In The Chancery Division the Master of the Rolls had before him a claim in the winding up of the Company for £1,138 by the owners of the Somerbille Colliery, which adjoins that worked by the Company. The claim was to recover damages to the amount in respect of wrongful working beyond the boundary alleged to have taken place in 1878.
December 27th 1890
Important Colliery Case.
On Monday at Eckington petty sessions before J.F. Swallow esq. and Major L. Butler-Bowden the adjourned case in which John Sheard proprietor of Gosforth colliery Dronfield and George Parkes manager of same were charged by H.M. Inspector of Mines. The prosecution was fully gone into at the last hearing, the case was adjourned for the prosecuting solicitor to produce the plans of the mine that he had forgotten to take the proper course to ensure their production at the last meeting.
The charge was for neglecting to put a certain number of boreholes at a distance of not less than 5 yards in advance of certain working places. Fred Webster collier said he was boring during the month of November in the number 5 heading and he had only bored 4 yards when he came to water. John Moseley undermanager of the Gosforth colliery said on the 6th November he examined number 5 and number 12 headings. In the number 5 the centre borehole was only 4 yards and the number 12 was 3 yards 9 inches. He did not think that there was a dangerous accumulation of water in either place.
(Long report-procedures-questioning etc).
Mr. Sheard was fined £10 plus 13/6d costs. Mr. Parkes was fined 1/- plus 13/6 costs. Mr. Busby mentioned the question of the Crown Court subpoena which they had been obliged to procure and he considered the costs ought to be borne by the defendants. The bench ordered Mr. Sheard to pay £1.
This was one of the most serious cases that had been before the bench for years. The whole of the men employed in the pit might have been drowned.

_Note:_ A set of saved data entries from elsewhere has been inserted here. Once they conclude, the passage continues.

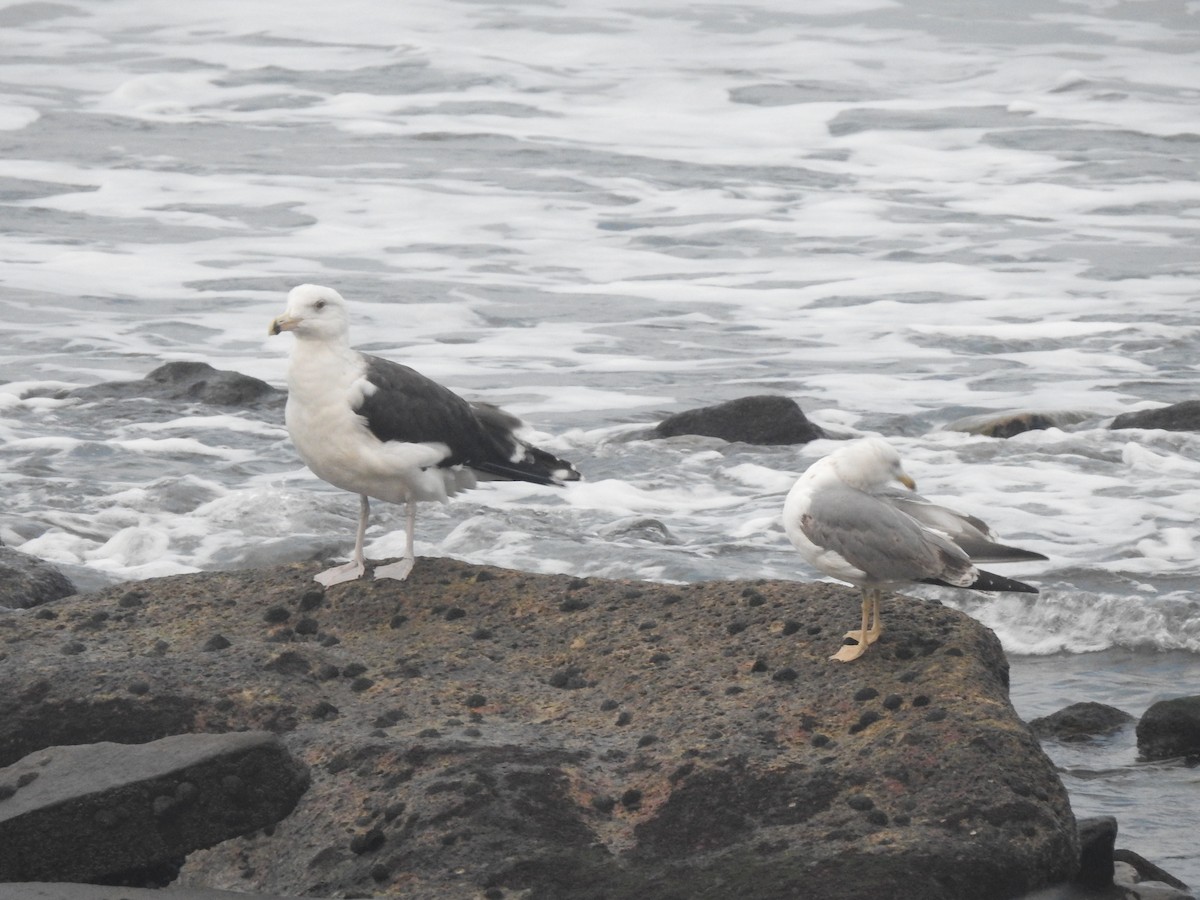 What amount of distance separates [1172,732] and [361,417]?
2.81 m

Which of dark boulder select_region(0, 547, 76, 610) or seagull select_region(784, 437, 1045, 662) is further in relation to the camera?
dark boulder select_region(0, 547, 76, 610)

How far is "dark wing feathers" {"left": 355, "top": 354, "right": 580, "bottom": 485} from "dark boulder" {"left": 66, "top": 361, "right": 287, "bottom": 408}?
579 cm

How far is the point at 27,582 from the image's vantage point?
711 centimetres

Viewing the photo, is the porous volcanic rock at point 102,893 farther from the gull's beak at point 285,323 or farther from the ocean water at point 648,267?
the ocean water at point 648,267

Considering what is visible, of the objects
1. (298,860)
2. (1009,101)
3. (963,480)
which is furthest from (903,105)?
(298,860)

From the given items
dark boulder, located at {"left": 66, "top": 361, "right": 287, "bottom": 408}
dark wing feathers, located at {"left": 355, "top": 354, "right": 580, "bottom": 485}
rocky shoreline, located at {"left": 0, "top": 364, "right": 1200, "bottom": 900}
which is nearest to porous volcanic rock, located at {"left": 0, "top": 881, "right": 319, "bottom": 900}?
rocky shoreline, located at {"left": 0, "top": 364, "right": 1200, "bottom": 900}

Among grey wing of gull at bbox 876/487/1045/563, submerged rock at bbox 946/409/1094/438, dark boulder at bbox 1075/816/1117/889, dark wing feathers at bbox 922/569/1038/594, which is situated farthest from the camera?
submerged rock at bbox 946/409/1094/438

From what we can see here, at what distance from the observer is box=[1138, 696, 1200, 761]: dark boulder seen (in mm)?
5754

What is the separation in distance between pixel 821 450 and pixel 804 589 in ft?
18.7

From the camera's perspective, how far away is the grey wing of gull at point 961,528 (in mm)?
4945

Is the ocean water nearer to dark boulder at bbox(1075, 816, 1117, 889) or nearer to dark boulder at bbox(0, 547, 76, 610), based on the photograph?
dark boulder at bbox(1075, 816, 1117, 889)

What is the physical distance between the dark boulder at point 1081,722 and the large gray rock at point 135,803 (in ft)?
9.91

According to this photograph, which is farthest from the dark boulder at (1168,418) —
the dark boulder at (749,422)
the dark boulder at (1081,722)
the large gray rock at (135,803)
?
the large gray rock at (135,803)

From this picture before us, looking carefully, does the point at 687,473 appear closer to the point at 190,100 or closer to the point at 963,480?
the point at 963,480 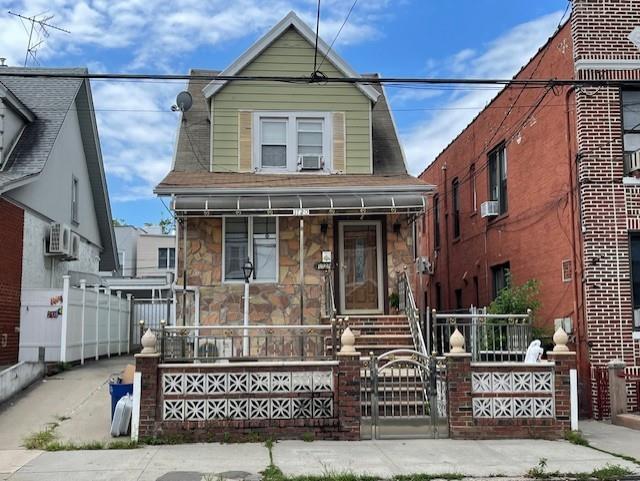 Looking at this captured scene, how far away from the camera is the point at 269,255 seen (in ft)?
48.3

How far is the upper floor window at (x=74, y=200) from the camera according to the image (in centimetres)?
1861

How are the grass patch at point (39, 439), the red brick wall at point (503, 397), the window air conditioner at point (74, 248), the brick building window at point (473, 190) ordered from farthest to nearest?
the brick building window at point (473, 190)
the window air conditioner at point (74, 248)
the red brick wall at point (503, 397)
the grass patch at point (39, 439)

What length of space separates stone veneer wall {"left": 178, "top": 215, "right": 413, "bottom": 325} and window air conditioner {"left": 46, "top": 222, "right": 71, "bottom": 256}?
11.9ft

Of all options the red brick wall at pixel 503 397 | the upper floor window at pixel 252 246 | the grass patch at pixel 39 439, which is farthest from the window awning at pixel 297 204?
the grass patch at pixel 39 439

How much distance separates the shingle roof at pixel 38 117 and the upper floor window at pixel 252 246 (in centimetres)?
454

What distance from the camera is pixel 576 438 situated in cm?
964

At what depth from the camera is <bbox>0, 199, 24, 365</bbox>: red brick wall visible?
13.5m

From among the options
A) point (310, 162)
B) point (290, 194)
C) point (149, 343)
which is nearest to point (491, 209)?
point (310, 162)

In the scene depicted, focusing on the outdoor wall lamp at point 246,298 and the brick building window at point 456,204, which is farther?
the brick building window at point 456,204

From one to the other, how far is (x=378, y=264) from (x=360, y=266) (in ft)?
1.34

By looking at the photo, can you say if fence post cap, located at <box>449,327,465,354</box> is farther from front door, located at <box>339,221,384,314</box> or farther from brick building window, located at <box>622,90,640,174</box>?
brick building window, located at <box>622,90,640,174</box>

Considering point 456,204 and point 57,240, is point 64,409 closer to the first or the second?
point 57,240

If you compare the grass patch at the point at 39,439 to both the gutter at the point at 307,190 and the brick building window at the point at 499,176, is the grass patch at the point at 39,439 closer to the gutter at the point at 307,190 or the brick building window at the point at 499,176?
the gutter at the point at 307,190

The hearing of the case lasted two and a half hours.
Gomersal, Dronfield, John Sheard.
Gosforth, Dronfield Silkstone Coal Co. Limited.
Gomersal closed by now.
Gosforth Dronfield Exors. of Mrs. Jane Sheard, Dronfield, Sheffield.
Manager John Morte. Undermanager John Mosley.
95 men employed underground. 35 men employed on the surface.
Coal mined, Household & Coking from the Silkstone seam.